The final layer will then be taped and sealed at the bottom.

I figure it may be easier to do that versus roxul in the joist bays?

thoughts?


----------



## Windows on Wash (Aug 30, 2011)

Foam board will stick to itself very easily.

Stagger the seam and tape the first layer seams as well.

At 3", you should have some mechanical attachment to the wall as well (i.e. furring strips).


----------



## Gary in WA (Mar 11, 2009)

R-10 continuous is minimum required for your Zone 5: http://publicecodes.citation.com/icod/irc/2009/icod_irc_2009_11_sec001_par001.htm

http://publicecodes.citation.com/icod/irc/2009/icod_irc_2009_11_sec002.htm

Chicago has 6493 HDD compared to Minn. (7882 HDD) used in the test here where R-10 is fine, fig.5.6; http://www.buildingfoundation.umn.edu/FinalReportWWW/Chapter-5/5-optimum-main.htm

With the extra thickness reduces the perm rating from 2” (0.75) to 3” (0.56) which means the moisture will take longer to pass through, going longer into summer to fully dry out. That isn’t as concerning as the possibility of convective looping at each heating start-up until the foam board is warm through the drywall in the empty stud cavities. Roxul would prevent any convective loops from forming which heat the upper framing and rim joists. http://joneakes.com/jons-fixit-database/743
Without cavity insulation, you also have larger areas that would be affected by air leaks in your plate/concrete slab, drywall/framing, and slab/rim air spaces. Be certain to: sill sealer under the p.t. bottom plate for air/thermal/capillary break- http://www.ussteel.com/corp/construction/bulletins/ACQ%20Pressure%20Treated%20Lumber%20Constructin%20Bulletin.pdf
(especially if no plastic vapor barrier under the slab at install.).

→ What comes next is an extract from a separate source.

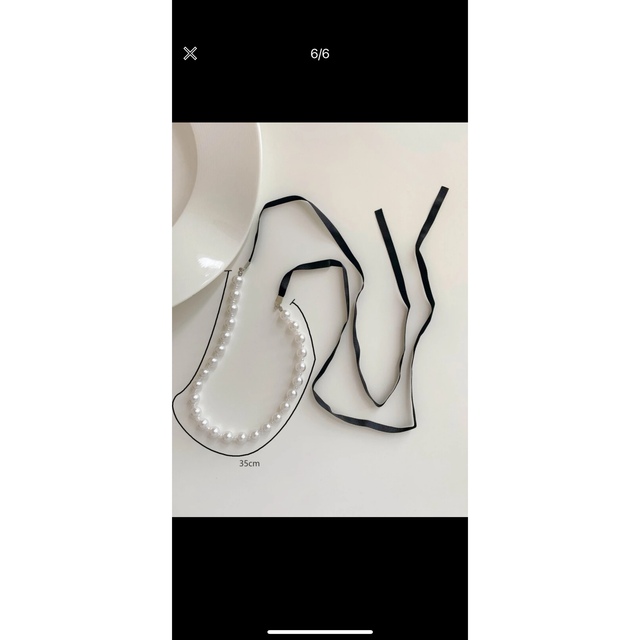 人工パール♡リボン♡チョーカーネックレス レディースのアクセサリー(ネックレス)の商品写真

Air seal the rim joists, use your f.b. scraps; http://www.buildingscience.com/documents/information-sheets/critical-seal-spray-foam-at-rim-joist/

Air seal the drywall (ADA); http://www.buildingscience.com/documents/information-sheets/air-barriers-airtight-drywall-approach/

Fire-stop the top plate/joist cavities and every 10’ horizontally as per Code; http://publicecodes.citation.com/icod/irc/2009/icod_irc_2009_3_sec002_par031.htm
Gary


----------